On the first show of a sold-out, two-night stand in Toronto, singer-songwriter Angel Olsen dazzled the audience with a performance propelled by her stunning voice and graceful, vivid arrangements.
Dressed in a silver catsuit, Olsen carried an air of confidence and classic coolness as she began with the grunge-country of "Hi-Five" from her breakout album Burn Your Fire For No Witness, followed by a double dose of rock'n'roll swagger with "Shut Up Kiss Me" and "Give It Up," from last year's My Woman. Olsen is far from pompous performer, though; she was humbled by some of the more passionate fans at the front, offering up big smiles and loosening up alongside her five-piece band, who were all wearing slick grey suits and bolo ties.
The set was largely made up of material from My Woman played in something resembling the same order as the album, with a couple of older songs sprinkled in between. So, like the record, the show's second half featured more of the sombre and vulnerable songs, tenderly slowing things down. On "Heart Shaped Face," Olsen's delicate drawl was on display, and she alternately wailed and whispered, "Heartache ends and begins again." The band were remarkably tight and crisp but remained subdued, ensuring Olsen's poignant voice had the space to reverberate throughout the room.
The expansive "Sister" was breathtaking, showcasing Olsen's best elements as a musician; its waltzing, wishful first half transitioned to a sprawling finale with undulating guitars and Olsen repeating with a sigh, "All my life I thought I'd change." Here, there were plenty of moments where Olsen's timeless voice was able to linger over sparkling guitar notes, hypnotizing the crowd into absorbing her lonesome words about yearning and heartache.

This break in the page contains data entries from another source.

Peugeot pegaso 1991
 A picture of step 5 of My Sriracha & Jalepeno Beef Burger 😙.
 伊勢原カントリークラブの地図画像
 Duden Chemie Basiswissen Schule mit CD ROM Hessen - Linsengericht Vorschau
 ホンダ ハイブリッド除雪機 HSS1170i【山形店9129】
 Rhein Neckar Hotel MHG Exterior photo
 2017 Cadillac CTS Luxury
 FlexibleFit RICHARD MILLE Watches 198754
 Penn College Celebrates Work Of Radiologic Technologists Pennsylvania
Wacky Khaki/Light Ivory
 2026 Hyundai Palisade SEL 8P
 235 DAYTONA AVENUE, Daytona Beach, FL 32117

Later, Olsen was left solo onstage to play the sparse, lullaby-like "Sans" from her newly released B-sides and demos compilation Phases, which fit perfectly alongside her more well-known songs — proving the strength of Olsen's non-album material throughout her young career. The first few dusty chords of "Unfucktheworld" garnered a huge cheer from the crowd before the band came back for the jaunty "Fly On Your Wall" and a faithful cover of the Velvet Underground's "I Found a Reason." For the encore, Olsen donned a silver wig, finishing the show in a cheerful fashion by swaying along to the peppy "The Waiting," from her first album Half Way Home.
After a handful of full-length albums with increasing fanfare and critical acclaim, Angel Olsen has grown into one of indie folk's most cherished songwriters. Wednesday night's (December 6) show was a victory lap for Olsen's recent boost in popularity and a reaffirmation of her talent, leaving her fans eagerly waiting for new music from the revered singer.